• [What to produce] Beginning with the line that contains "I recently conducted" and ending with the line that contains "Dear respected viewers, in", reproduce the lines of the entries below exactly, omitting pictures.

[[ Provided records, beginning ]]

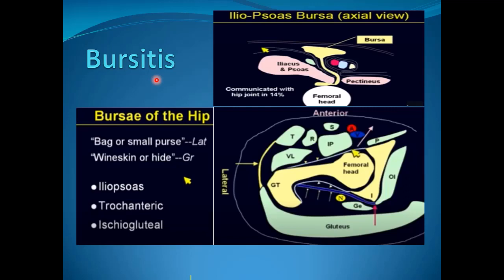Bursitis can also be diagnosed by ultrasound, where fluid is seen filling the potential space of the bursa. There are three bursae in the hip region: the iliopsoas, trochanteric, and ischiogluteal. In cases of iliopsoas bursitis, the fluid will be seen tracking lateral to the common femoral vessels at the site of the gluteus medius and minimus tendons.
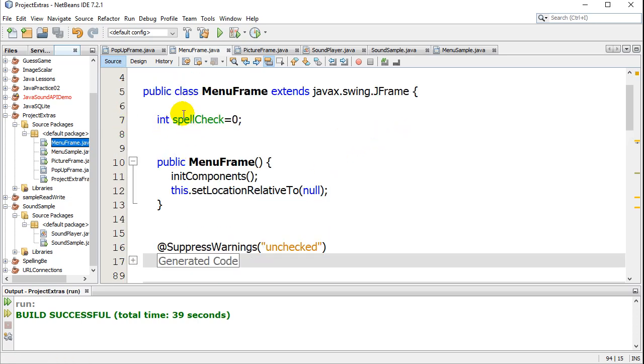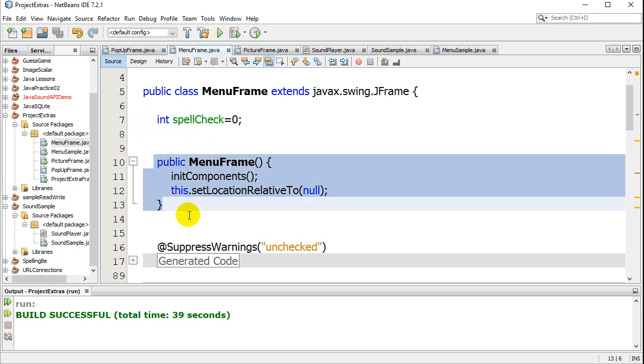You'll notice you might have some variables up there. And then you have your constructor method here, right? Same name as the class, MenuFrame.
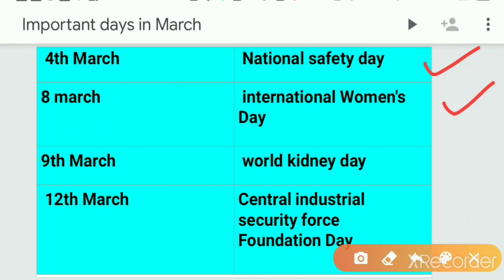International Women's Day is observed on 8th March. Next is 9th March, World Kidney Day. World Kidney Day is observed on 9th March.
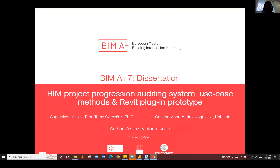Hello, everyone. My name is Victoria, and I'm going to give my presentation on BIM Project Progression Auditing System — a look at use case methods and the Revit plugin prototype.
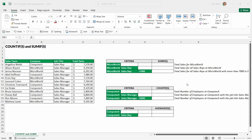I recently conducted a poll on LinkedIn where I asked all of my followers and connections to let me know which functions in Excel they find the most useful. By far the clear winner was COUNTIFS and SUMIFS, and both of these functions as well as their sister functions AVERAGEIF, MINIF, and MAXIF are effectively IF statements which have conditions or criteria.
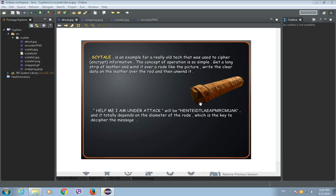Hey guys, in this video I'm going to show you how to encrypt text in Java using Scytale Cipher.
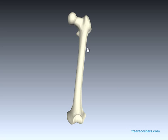Dear respected viewers, in this tutorial I'll be identifying the main structures of the femur and the muscle attachment points.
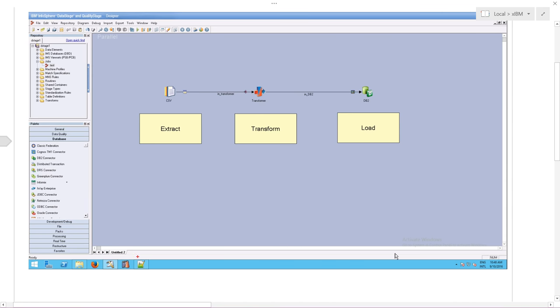Now let's look at extract. We're going to take the first piece of the puzzle and see how we take a CSV file, extract data from it, and bring it into DataStage.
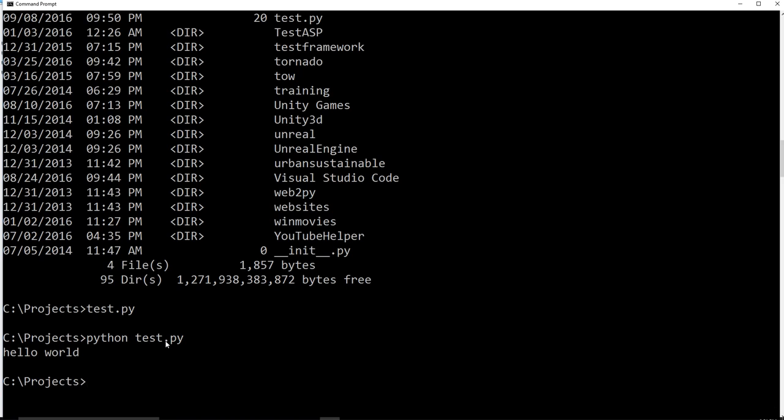It could write web pages, it could scrape the web, it could hack stuff, it could build video games, it could do whatever you want it to do. But the way that I just showed you how to do it here isn't feasible. We need a text editor.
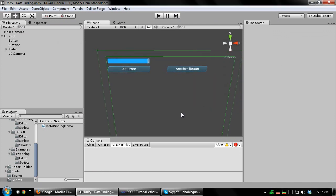You've now learned how to make use of the data binding features of DFGUI. Data binding can be a very powerful tool for adding complex functionality to the UI with less code. In the next tutorial, I'll be covering tweens in DFGUI. Thanks for watching.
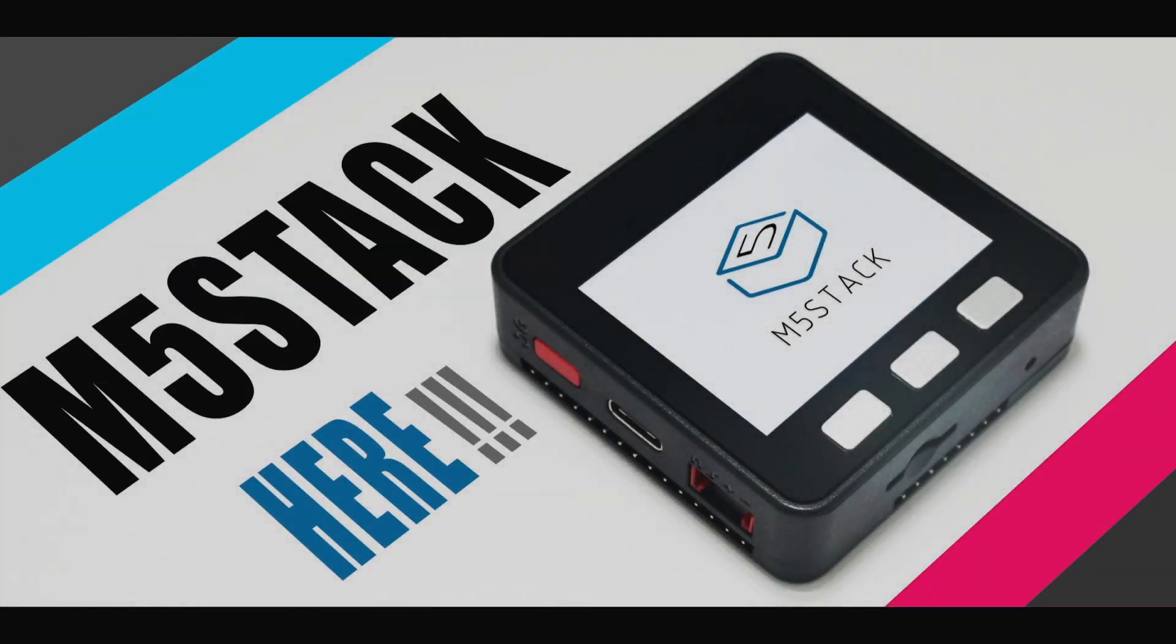Hey there, it's Luke again and welcome back to the M5Stack official channel.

[[ Provided records, end ]]

• [Solution to this problem]
I recently conducted a poll on LinkedIn where I asked all of my followers and connections to let me know which functions in Excel they find the most useful. By far the clear winner was COUNTIFS and SUMIFS, and both of these functions as well as their sister functions AVERAGEIF, MINIF, and MAXIF are effectively IF statements which have conditions or criteria.
Hey guys, in this video I'm going to show you how to encrypt text in Java using Scytale Cipher.
Dear respected viewers, in this tutorial I'll be identifying the main structures of the femur and the muscle attachment points.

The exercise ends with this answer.